§ Action item
Copy out all of the lines below exactly; the pictures do not belong in the copy.

Short web captions

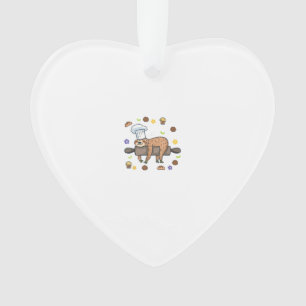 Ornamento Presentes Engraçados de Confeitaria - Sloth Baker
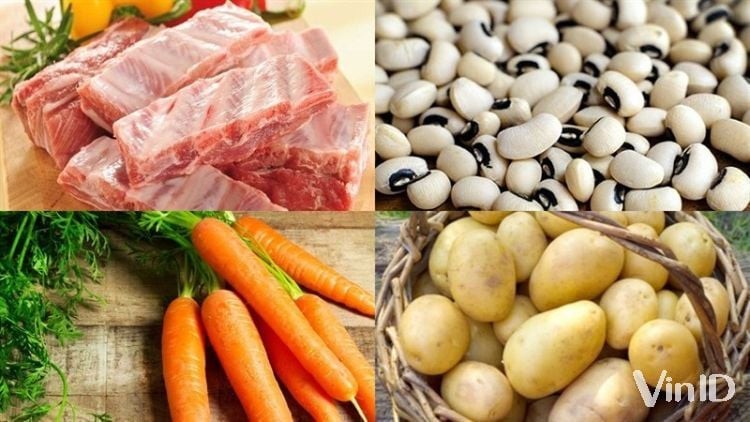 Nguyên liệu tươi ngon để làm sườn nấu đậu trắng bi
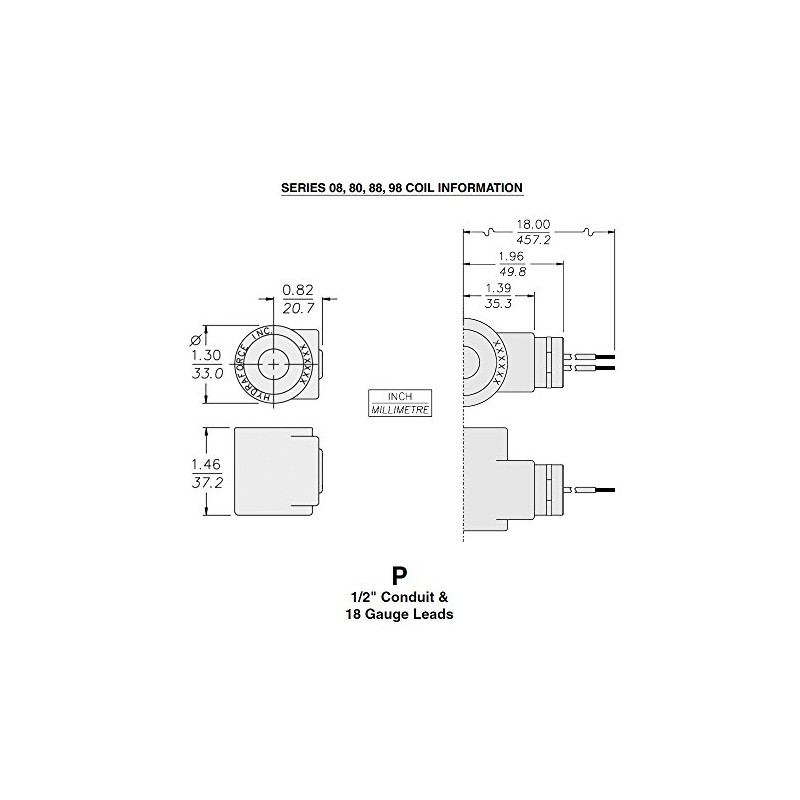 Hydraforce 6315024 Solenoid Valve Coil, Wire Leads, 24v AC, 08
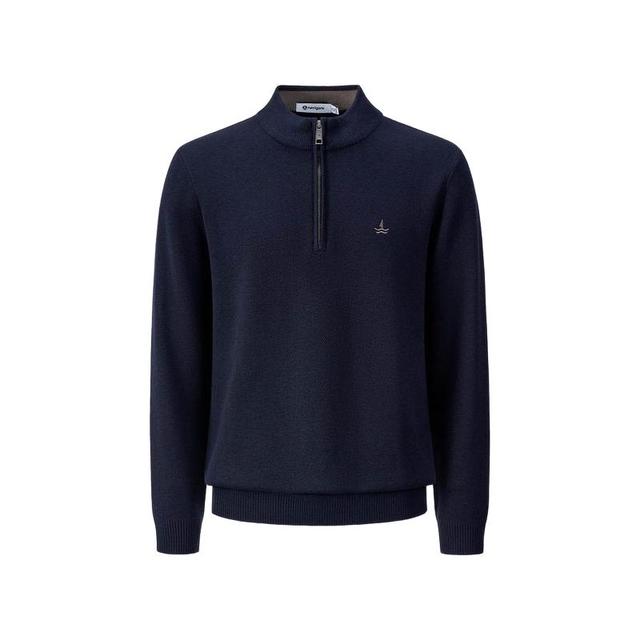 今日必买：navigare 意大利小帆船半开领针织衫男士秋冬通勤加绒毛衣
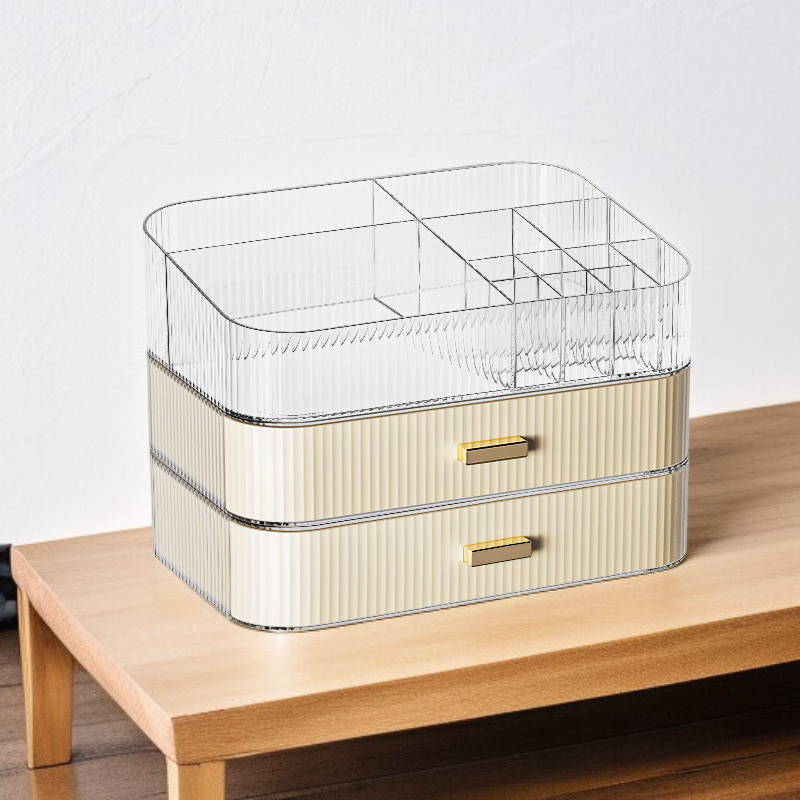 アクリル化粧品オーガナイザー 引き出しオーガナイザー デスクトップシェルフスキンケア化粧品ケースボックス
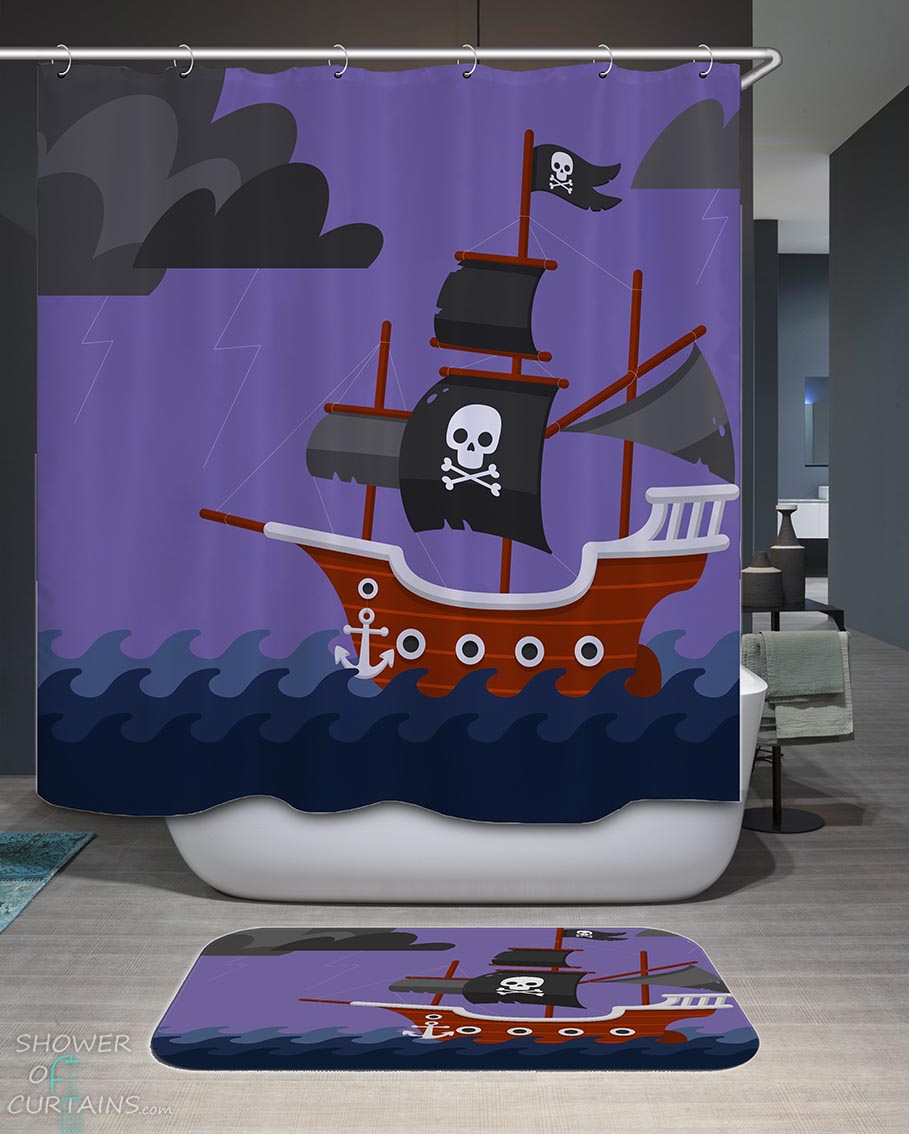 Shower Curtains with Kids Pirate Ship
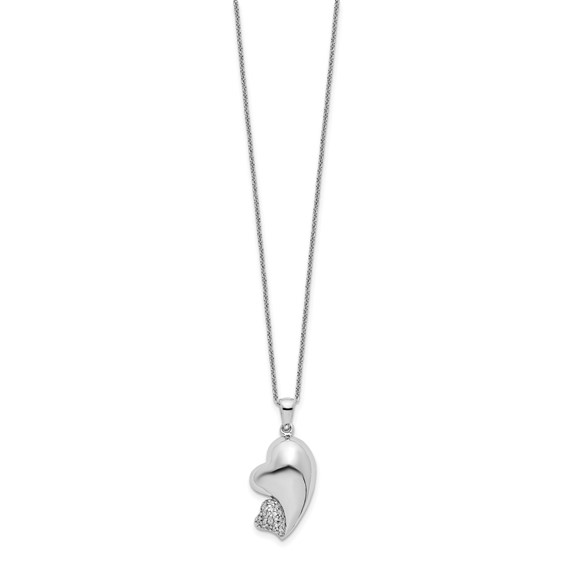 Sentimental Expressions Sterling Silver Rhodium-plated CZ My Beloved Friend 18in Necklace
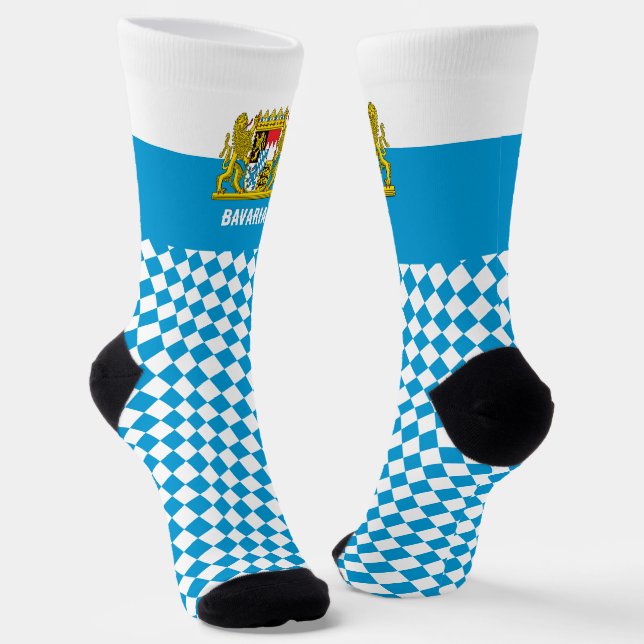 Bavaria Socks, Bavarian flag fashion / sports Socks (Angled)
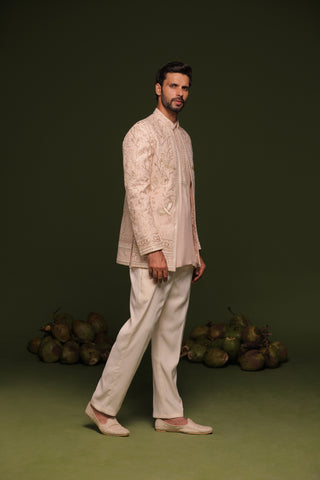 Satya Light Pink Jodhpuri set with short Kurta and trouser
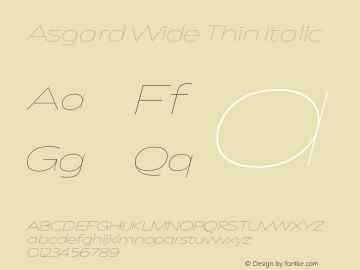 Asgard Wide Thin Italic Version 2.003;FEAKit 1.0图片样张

§ Written response
 Ornamento Presentes Engraçados de Confeitaria - Sloth Baker
 Nguyên liệu tươi ngon để làm sườn nấu đậu trắng bi
 Hydraforce 6315024 Solenoid Valve Coil, Wire Leads, 24v AC, 08
 今日必买：navigare 意大利小帆船半开领针织衫男士秋冬通勤加绒毛衣
 アクリル化粧品オーガナイザー 引き出しオーガナイザー デスクトップシェルフスキンケア化粧品ケースボックス
 Shower Curtains with Kids Pirate Ship
 Sentimental Expressions Sterling Silver Rhodium-plated CZ My Beloved Friend 18in Necklace
 Bavaria Socks, Bavarian flag fashion / sports Socks (Angled)
 Satya Light Pink Jodhpuri set with short Kurta and trouser
 Asgard Wide Thin Italic Version 2.003;FEAKit 1.0图片样张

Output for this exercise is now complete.